Bangladesh’s import activity declined in November 2024, reflecting ongoing challenges in the private sector and broader economic uncertainty. Official data indicates that import volumes, measured through the opening of letters of credit (LCs), fell to $5.27 billion in November, down from $5.6 billion in the same month of 2023.
For the July-November period of the fiscal year, the total value of LCs opened for imports declined marginally by less than 1%, amounting to $27.97 billion. Similarly, LC settlements, which reflect actual payments for imports, dropped by over 1%, settling at $27.88 billion, according to Bangladesh Bank data.
Sluggish private-sector credit growth, political unrest, economic challenges have dented imports growth. While overall import volumes have declined, the impact has been uneven across different sectors.
Capital machinery imports fell sharply by 29% to $690 million during the July-November period. Imports of immediate goods dropped by over 12%, amounting to $1.69 billion, indicating reduced manufacturing activity. Consumer goods imports declined by more than 3.34% to $2.6 billion, likely due to subdued consumer demand.

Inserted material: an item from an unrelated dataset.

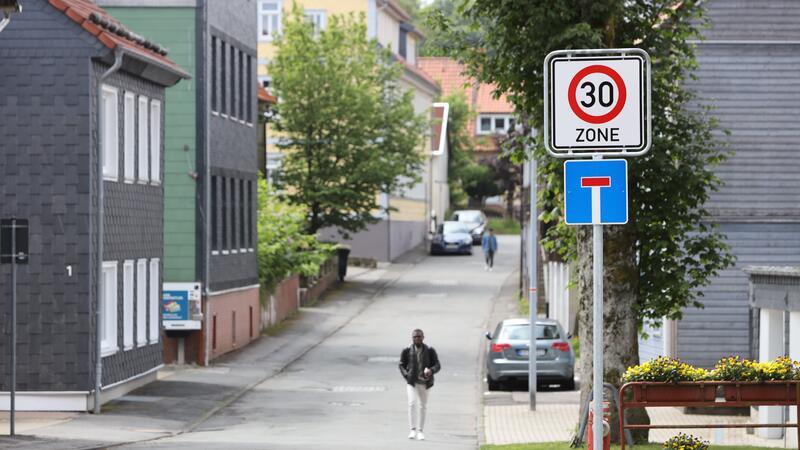 Seilerstraße in Clausthal ist keine Spielstraße mehr Die Seilerstraße ist südlich der Rollstraße ab sofort eine Tempo-30-Zone und keine Spielstraße mehr.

In contrast, imports of industrial raw materials increased by 4.8%, reaching $9.8 billion, signaling a potential recovery in the manufacturing sector.
Economic Implications
Dr. M Masrur Reaz, founder and chairman of Policy Exchange of Bangladesh, expressed cautious optimism about the situation. “We expect imports to pick up as the foreign exchange market stabilizes gradually,” he said. With the government removing taxes on essential goods and Ramadan, a peak consumption period, approaching, there is hope for a rebound in import activity.